Enhanced communication between manufacturing sciences and operators has led to some great projects. For instance, we recently introduced a new piece of equipment that controls the flow of product out of the fermenter, reducing variability in fermenter performance. It was suggested by an operator, to improve sigma level.
And safety has improved considerably. We haven’t had any OSHA reportables since May 2007. Generally, we’re learning that, if you give your organization a robust framework within which to bring up issues, and if you have a mechanism in place for addressing them, people more feel empowered and part of a team. Their behavior reflects this change.
PhM: How do you handle Kaizen recommendations from the plant floor?
S.S.: We have several mechanisms in place, one of which is a 24/7 group. If any operator has an idea about how to improve operations, his or her supervisor has to respond quickly. Then, a path forward must be found—either “let’s do it,” or “let’s put it in the portfolio to prioritize it.”
The portfolio was necessary, as I learned during my second month . . . all these ideas were coming in and we needed to be transparent about how we were executing them.
One very organized operator became portfolio manager. He received some additional training in Microsoft Project and took charge of collecting ideas. Once we prioritized them, as a group, and assigned an operator to implement each idea, he updates and maintains the portfolio.
Everyone can put ideas in portfolio. They can talk directly to me, or to their supervisors.
Frankly the type of interaction that yields the most ideas is the monthly face to face meeting between operator, supervisor and manager. We hold these meetings for each operator to clarify and update training needs and determine proficiencies. In addition to having responsibilities for processing, we offer business process assignments. For instance, operators can receive additional training in such areas as SAP, root cause analysis (via fishbone diagramming) and in tracking batch record errors.
The question always comes up: Do you see any opportunities for improvement?

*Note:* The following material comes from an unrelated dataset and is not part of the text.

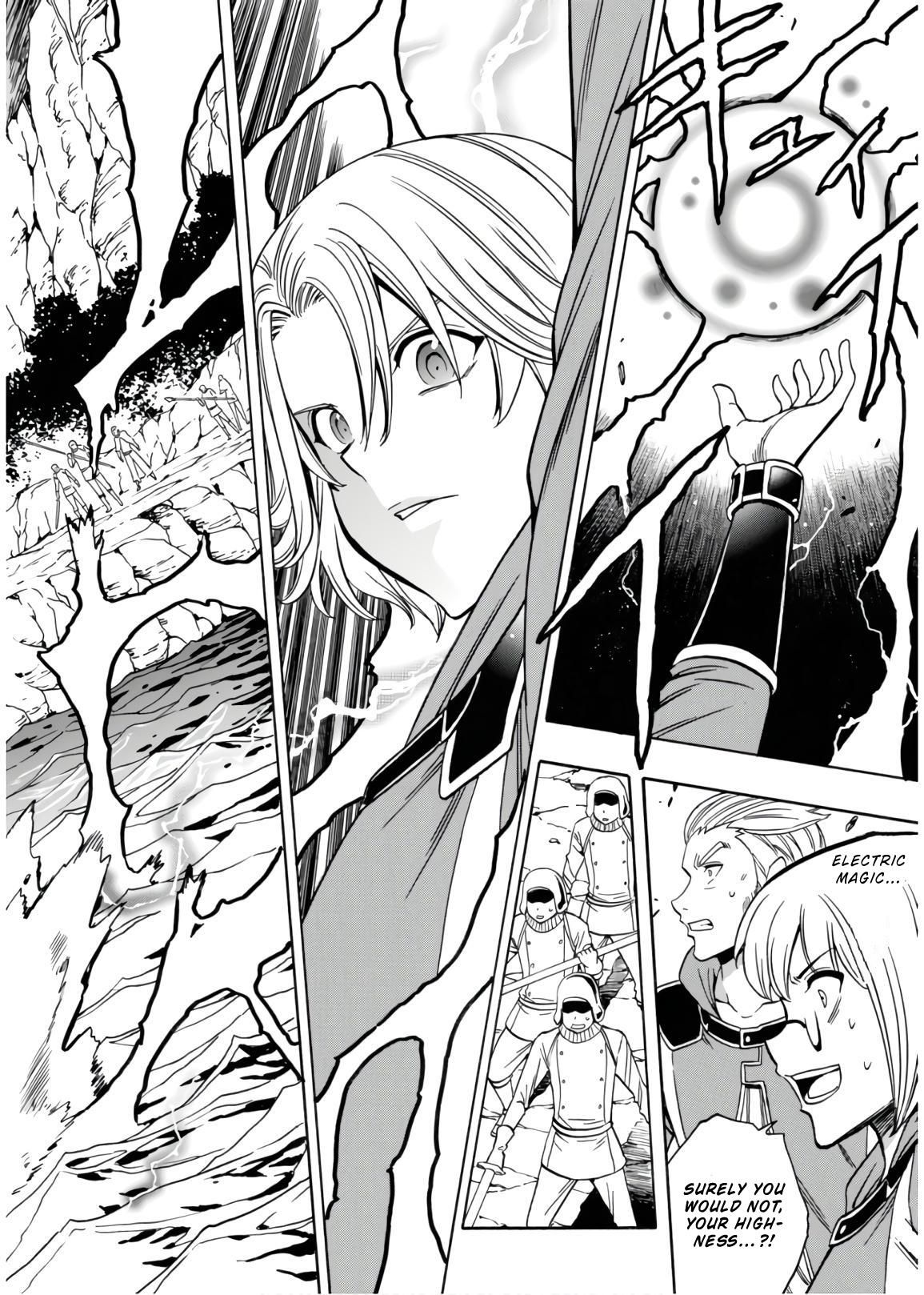 Page 55 of Chapter 43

For instance, if an operator points out issues with a specific piece of equipment, we give him or her opportunities for training on how that equipment works.
I’ve established a new KPI for all supervisors. I ask them to bring me three improvement ideas from their shifts each month, and to implement one.

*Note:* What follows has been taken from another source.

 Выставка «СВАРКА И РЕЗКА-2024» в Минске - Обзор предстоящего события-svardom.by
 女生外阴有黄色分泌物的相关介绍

PhM: How did you get interested in Toyota?
S.S.: My first Lean project was to lead an implementation of 5S. The project showed great results, and we passed an FDA inspection with flying colors. But I realized that results could not be sustained unless managers bought into the idea of empowering people, and thinking about how procedures would flow from shift to shift.
If they didn’t put the right mechanisms in place to deal with issues that would bubble up, the results could not be sustained.
After this experience, I felt that it was necessary to focus on the sustainability part of Lean. I realized that, especially in the U.S., a lot of people in biotech are engineers, and they think that they will succeed with Lean if they implement the tools. Well, they may succeed, but can that success be sustainable?
Human capital needs to be targeted. It’s variable and it’s not always logical. You can’t just take the tool without working on culture change and taking a long term focus.